I was recently enjoying yet another exciting college supper of suspicious looking meat and an unknown form of potato when a debate developed over the comments of a friend. The person in question stated they believed in Brexit and would vote Conservative. Yet it was the view of another person sitting at the table which I found far more alarming. They suggested Friend A should not be allowed an opinion in group discussions if they were to be the owner of such beliefs. Furthermore, they indicated the friend should move to a different table so that we would not be subjected to the utterances of such an opinion.
This is problematic and highly disturbing. Albeit a mild and seemingly insignificant discussion in the context of a wider political debate, what took place at that college supper exemplifies a new campus culture emerging; those who are of a minority opinion are increasingly refused a platform, under the guise of creating a Safe Space. Since when has controversy become such an enemy of the people that we are imposing a self-censorship which is both regressive and dangerous?
The universities minister, Sam Gyimah recently suggested new guidance to be issued for the Department of Education that would tackle the no-platforming of unpopular points of view on campus. The pertinence and magnitude of the issue cannot be underplayed. Each week, politicians, philanthropists and campaigners are denied an audience in the hubs of student debate and at the centres of knowledge acquisition for the young generation; the university.

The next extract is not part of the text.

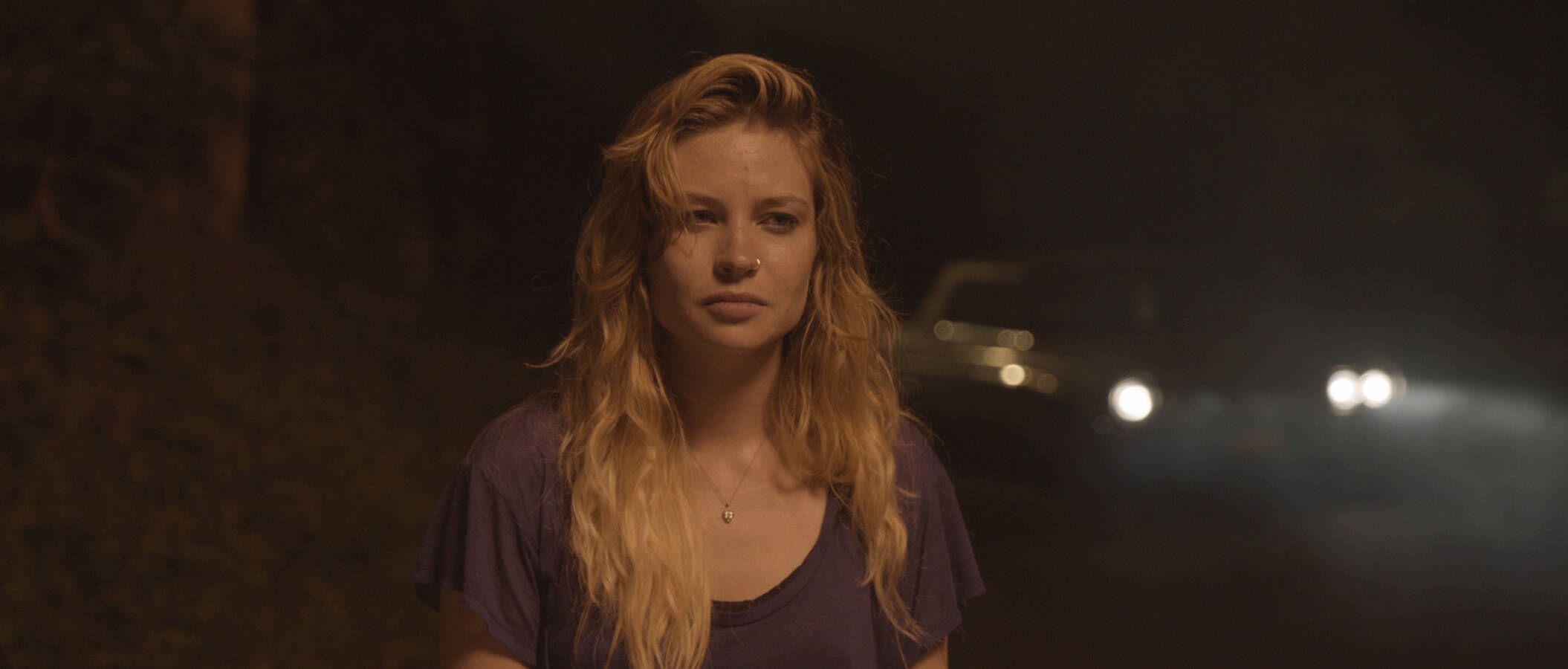 Daveigh Chase und Autoscheinwerfer in der Nacht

Free speech must be protected as a basic human right. Since when did any constitution stipulate the guarantee of citizen’s lives without the experience of offense? Frankly it is absurd and this sense of entitlement is destroying the fundamental principle of free speech.
If free speech is to become victim of systematic and institutionalised persecution, the devastating consequence will be a cloned society devoid of diversity and futuristic thought. In such an intense political climate, there are however, initiatives which strive to protect the free speech enshrined by the UK’s democratic credentials.
I have recently become involved with The Broad, a nation-wide student project which strives to nurture robust and sophisticated discussion on a broad range of subjects, with no other agenda than the promotion of free speech. Here I have experienced first-hand the outstanding quality of student debate, and it is concerning that such talent is being suppressed across the country.
I’m tired of sitting at supper shying away from vigorous debate due to an overwhelming intolerance of ‘unfashionable’ views; if our fundamental principles are to be shaped by such superficial popularity contests, society and democracy itself will derail into the abyss. To create a stronger future, or indeed a future at all, debate must flourish. It is time for those whose sensibilities controversy offends, to step aside. I may think your view is inherently flawed or in other words total crap, but I won’t refuse you a seat at supper because I disagree.
The victims of restricted free speech on campus are the students and so it is we who carry the responsibility of protecting our basic rights by standing together united. Society is entitled to all debate, society is not entitled to impose sanctions on its very existence.